SCOTTISH TOURISM INDUSTRY BUSINESS BAROMETER
Tourism industry buckling under intense pressure from government policies
“The stark reality facing our industry is that the survival of many businesses will be entirely dependent on an immediate change in the direction of government policy.” - Marc Crothall, CEO Scottish Tourism Alliance
The Scottish Tourism Alliance (STA), the acknowledged overarching trade body and voice for Scotland’s tourism and hospitality industry, has today, the first day of Scottish Tourism Month published results of its Business Barometer Survey.
60% of respondents had less than 3 months cash reserves, with just under a quarter having none.
Across all businesses, the standout challenges were energy costs (93%) and the cost of living (84%)
For tourism and hospitality businesses the Short Term Lets (STLs) Licensing Scheme (35%) and energy costs (25%) were the top challenges facing tourism and hospitality businesses.
Government policy wise, the priority call from businesses was to pause impending regulation; this would help at least 23%. Also, nearly half of respondents are facing an increase in their business rateable values (45%), with 5% experiencing over 75% increase and 9% facing a 50% increase.
83% of respondents ranked STLs as a challenge; the Deposit Return Scheme (DRS) was seen to be a challenge by 58% of those who took part in the survey. A significant number of respondents also called for action on Business Rates, with rates relief to be aligned with England.

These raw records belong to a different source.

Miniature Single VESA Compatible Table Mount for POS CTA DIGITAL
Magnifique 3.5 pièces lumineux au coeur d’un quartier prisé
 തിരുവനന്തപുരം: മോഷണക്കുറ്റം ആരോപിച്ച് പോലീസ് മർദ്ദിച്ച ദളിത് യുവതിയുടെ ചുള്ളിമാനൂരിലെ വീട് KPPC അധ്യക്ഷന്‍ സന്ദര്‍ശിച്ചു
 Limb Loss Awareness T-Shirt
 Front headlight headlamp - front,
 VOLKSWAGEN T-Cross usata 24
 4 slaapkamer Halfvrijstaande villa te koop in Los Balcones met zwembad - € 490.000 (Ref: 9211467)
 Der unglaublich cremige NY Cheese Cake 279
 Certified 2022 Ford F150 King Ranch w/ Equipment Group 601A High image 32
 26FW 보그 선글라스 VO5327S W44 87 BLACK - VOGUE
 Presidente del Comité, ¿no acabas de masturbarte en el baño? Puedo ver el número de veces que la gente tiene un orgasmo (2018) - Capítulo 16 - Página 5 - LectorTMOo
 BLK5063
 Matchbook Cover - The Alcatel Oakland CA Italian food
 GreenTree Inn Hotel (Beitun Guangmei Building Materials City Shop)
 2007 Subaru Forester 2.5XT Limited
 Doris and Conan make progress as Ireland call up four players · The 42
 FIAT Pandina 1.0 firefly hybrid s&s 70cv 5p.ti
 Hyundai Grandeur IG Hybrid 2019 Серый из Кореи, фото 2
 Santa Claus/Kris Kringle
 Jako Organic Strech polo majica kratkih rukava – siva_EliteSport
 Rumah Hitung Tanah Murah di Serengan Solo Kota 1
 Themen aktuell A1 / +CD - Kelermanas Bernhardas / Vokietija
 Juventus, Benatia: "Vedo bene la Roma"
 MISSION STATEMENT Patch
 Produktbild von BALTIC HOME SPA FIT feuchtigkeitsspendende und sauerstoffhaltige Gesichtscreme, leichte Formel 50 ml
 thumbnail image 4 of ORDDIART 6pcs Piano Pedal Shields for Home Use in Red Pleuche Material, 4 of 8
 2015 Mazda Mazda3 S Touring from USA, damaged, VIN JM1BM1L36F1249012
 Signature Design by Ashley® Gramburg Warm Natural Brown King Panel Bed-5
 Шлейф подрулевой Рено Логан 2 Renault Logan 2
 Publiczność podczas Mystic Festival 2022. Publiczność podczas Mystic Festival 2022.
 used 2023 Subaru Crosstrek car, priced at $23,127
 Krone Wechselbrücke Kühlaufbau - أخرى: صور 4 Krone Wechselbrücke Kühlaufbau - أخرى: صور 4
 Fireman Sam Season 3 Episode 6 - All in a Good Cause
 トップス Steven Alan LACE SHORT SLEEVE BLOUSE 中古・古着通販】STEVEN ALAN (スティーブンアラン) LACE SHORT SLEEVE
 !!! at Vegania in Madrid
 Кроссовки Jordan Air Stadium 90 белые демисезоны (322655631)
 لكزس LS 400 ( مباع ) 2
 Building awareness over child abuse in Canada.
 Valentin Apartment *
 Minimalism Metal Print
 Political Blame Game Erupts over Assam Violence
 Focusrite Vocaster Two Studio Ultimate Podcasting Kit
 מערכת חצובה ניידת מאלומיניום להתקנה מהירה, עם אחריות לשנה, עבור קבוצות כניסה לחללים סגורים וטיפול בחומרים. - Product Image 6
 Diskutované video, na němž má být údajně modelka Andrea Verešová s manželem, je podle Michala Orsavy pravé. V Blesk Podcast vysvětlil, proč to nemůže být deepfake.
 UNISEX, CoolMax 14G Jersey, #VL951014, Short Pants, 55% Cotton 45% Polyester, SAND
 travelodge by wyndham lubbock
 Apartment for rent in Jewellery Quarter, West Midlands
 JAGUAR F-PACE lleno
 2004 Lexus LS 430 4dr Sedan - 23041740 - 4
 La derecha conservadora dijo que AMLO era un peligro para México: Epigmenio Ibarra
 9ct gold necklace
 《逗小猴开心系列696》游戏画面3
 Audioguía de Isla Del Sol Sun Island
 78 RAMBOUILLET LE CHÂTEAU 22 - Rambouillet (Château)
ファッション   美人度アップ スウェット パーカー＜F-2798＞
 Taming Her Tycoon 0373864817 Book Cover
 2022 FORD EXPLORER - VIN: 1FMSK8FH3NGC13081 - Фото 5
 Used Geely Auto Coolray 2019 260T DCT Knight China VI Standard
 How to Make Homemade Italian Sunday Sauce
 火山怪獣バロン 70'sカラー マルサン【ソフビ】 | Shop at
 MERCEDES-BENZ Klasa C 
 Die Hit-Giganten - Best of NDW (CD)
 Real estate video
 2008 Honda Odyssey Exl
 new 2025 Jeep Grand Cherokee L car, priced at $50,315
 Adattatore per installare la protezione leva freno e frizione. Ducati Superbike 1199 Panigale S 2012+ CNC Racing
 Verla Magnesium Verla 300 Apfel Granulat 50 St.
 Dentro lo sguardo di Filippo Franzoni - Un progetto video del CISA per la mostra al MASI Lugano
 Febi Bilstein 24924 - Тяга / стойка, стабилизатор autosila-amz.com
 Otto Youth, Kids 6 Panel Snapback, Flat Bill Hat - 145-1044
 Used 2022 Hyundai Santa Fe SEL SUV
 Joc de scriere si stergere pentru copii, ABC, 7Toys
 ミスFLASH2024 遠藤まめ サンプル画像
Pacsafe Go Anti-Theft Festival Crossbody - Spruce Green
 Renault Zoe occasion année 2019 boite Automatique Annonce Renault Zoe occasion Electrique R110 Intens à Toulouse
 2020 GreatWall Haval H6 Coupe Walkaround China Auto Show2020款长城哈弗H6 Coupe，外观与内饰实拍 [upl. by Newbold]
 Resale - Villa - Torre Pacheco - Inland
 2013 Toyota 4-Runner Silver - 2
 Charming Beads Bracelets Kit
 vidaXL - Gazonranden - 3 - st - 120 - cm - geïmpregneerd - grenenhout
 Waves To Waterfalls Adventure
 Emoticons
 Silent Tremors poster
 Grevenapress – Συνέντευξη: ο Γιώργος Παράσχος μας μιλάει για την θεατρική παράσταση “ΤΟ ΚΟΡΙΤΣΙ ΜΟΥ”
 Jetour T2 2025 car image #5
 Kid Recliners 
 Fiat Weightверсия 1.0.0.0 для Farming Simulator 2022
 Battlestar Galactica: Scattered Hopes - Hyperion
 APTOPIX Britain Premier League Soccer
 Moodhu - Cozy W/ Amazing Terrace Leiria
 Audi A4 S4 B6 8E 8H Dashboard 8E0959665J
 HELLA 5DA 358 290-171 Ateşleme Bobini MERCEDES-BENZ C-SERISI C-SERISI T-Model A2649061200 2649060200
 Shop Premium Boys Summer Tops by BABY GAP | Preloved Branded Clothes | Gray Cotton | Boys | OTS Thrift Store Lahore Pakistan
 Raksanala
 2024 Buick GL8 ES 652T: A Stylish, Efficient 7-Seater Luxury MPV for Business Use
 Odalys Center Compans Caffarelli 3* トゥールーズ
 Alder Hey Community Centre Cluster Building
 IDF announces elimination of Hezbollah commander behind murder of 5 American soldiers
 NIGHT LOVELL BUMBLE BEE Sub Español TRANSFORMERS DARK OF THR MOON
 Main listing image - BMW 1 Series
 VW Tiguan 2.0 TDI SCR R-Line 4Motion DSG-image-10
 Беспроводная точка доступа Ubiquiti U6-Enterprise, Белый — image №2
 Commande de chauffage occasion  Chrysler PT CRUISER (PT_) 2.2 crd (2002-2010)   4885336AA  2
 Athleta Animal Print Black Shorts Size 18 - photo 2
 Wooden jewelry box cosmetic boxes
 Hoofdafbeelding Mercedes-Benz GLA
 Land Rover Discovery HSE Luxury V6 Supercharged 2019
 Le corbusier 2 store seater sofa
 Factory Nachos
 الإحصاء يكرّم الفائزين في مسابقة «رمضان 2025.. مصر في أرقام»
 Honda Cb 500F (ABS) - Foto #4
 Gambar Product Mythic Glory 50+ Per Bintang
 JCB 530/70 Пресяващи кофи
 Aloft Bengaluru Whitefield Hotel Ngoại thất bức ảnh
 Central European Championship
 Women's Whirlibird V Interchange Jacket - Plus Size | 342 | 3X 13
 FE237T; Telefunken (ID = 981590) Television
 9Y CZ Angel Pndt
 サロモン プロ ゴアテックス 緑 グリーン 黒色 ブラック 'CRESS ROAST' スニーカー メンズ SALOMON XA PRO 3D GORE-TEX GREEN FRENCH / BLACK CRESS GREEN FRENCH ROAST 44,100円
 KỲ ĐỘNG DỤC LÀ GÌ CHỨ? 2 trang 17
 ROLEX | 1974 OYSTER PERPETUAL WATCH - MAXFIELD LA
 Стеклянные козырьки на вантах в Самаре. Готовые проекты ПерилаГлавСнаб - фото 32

Respondents continue to call for the UK Government to improve immigration measures; lower VAT for the sector; bring down inflation; lower corporation taxes and business rates; and ensure better distribution of levelling-up funding.
96% of respondents are ‘not confident’, ‘pessimistic’ or ‘extremely pessimistic’ that the UK Government’s new Energy Bills Discount Scheme will protect the tourism and hospitality industry from energy prices over the next 12 months. 28% reported that they were ‘extremely pessimistic’ about energy bill protection beyond April 2023.